» **Required action**:
Taking the line with "Szondi Corner Apartman" as the first, copy every line through the end of the records below exactly. Do not include pictures.

[[ Information provided open ]]

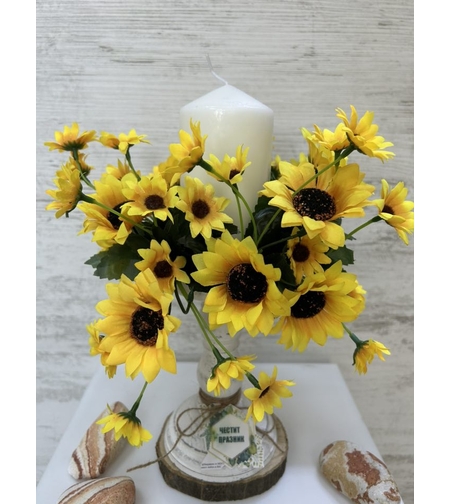 Елегантен свещник с жълти цветя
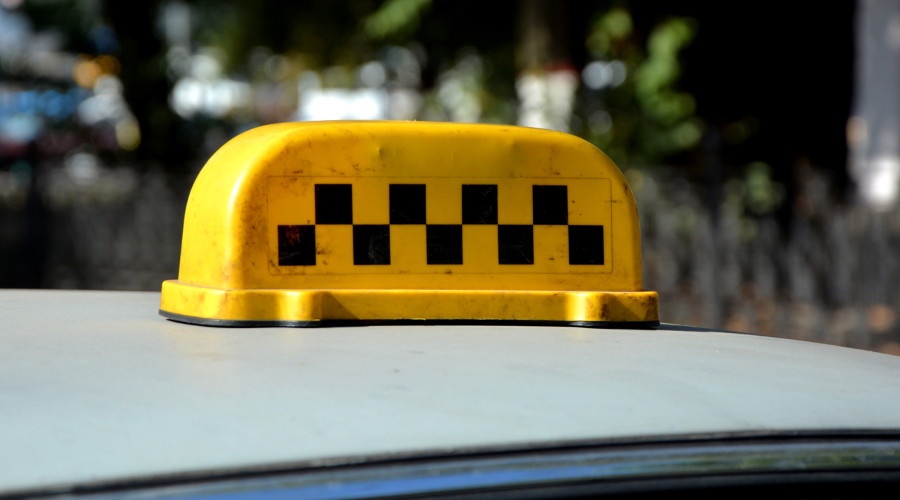 Сотрудники ГИБДД с начала года выявили в Крыму почти 500 нелегальных таксистов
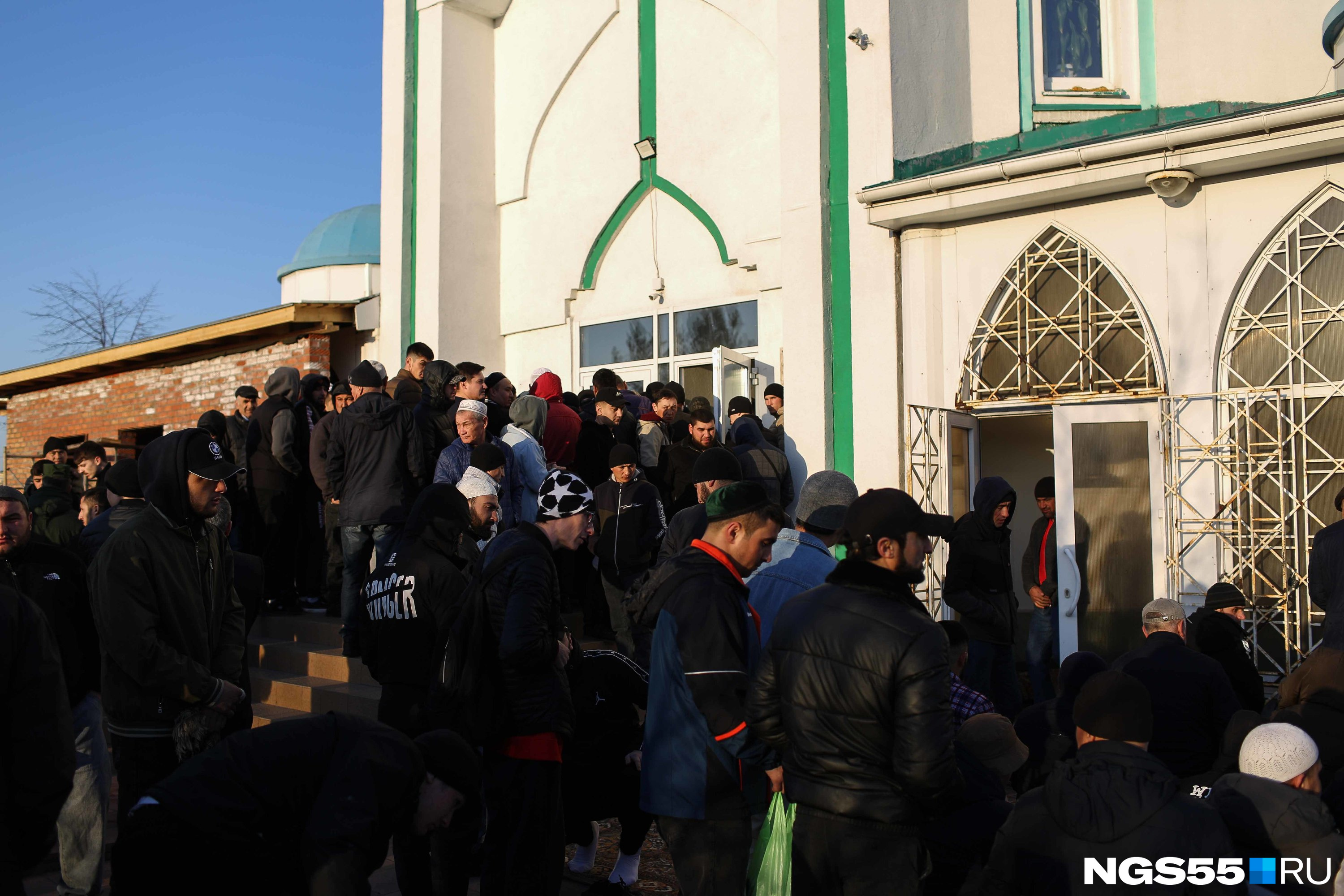 Традиционно самое большое скопление людей в Центральной соборной мечети на улице <nobr>20-я</nobr> Линия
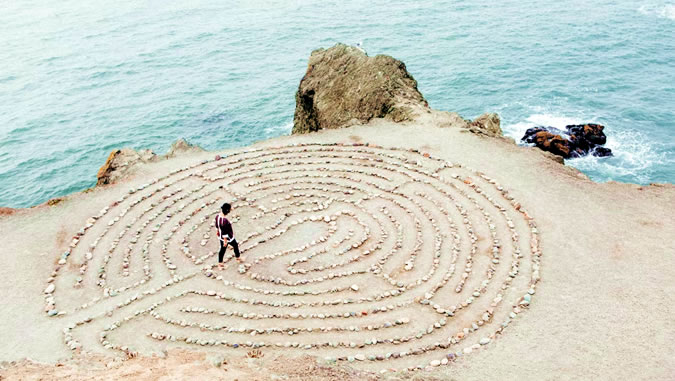 labyrinth strand meer Ashley Batz unplash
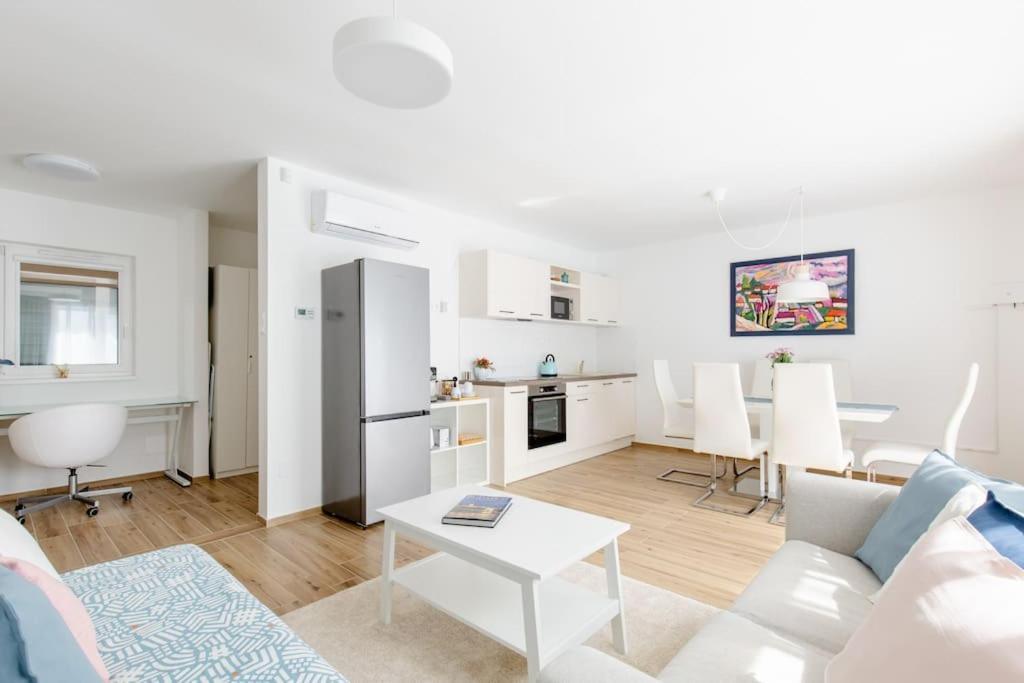 Szondi Corner Apartman Budapest Eksteriør billede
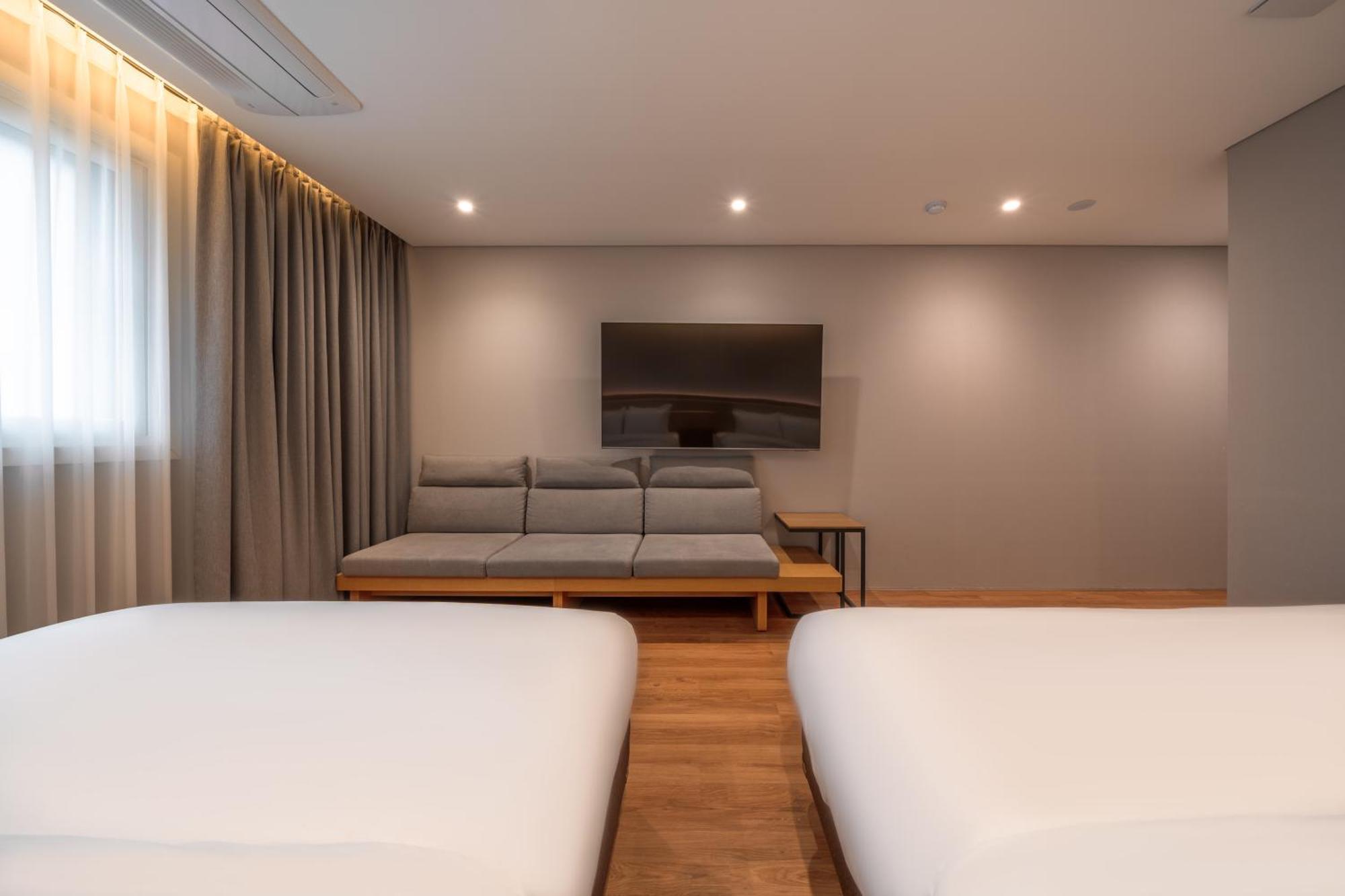 Comfort Inn Yeouido Seoul Exterior photo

[[ Information provided closed ]]

» **Output for this task**:
 Szondi Corner Apartman Budapest Eksteriør billede
 Comfort Inn Yeouido Seoul Exterior photo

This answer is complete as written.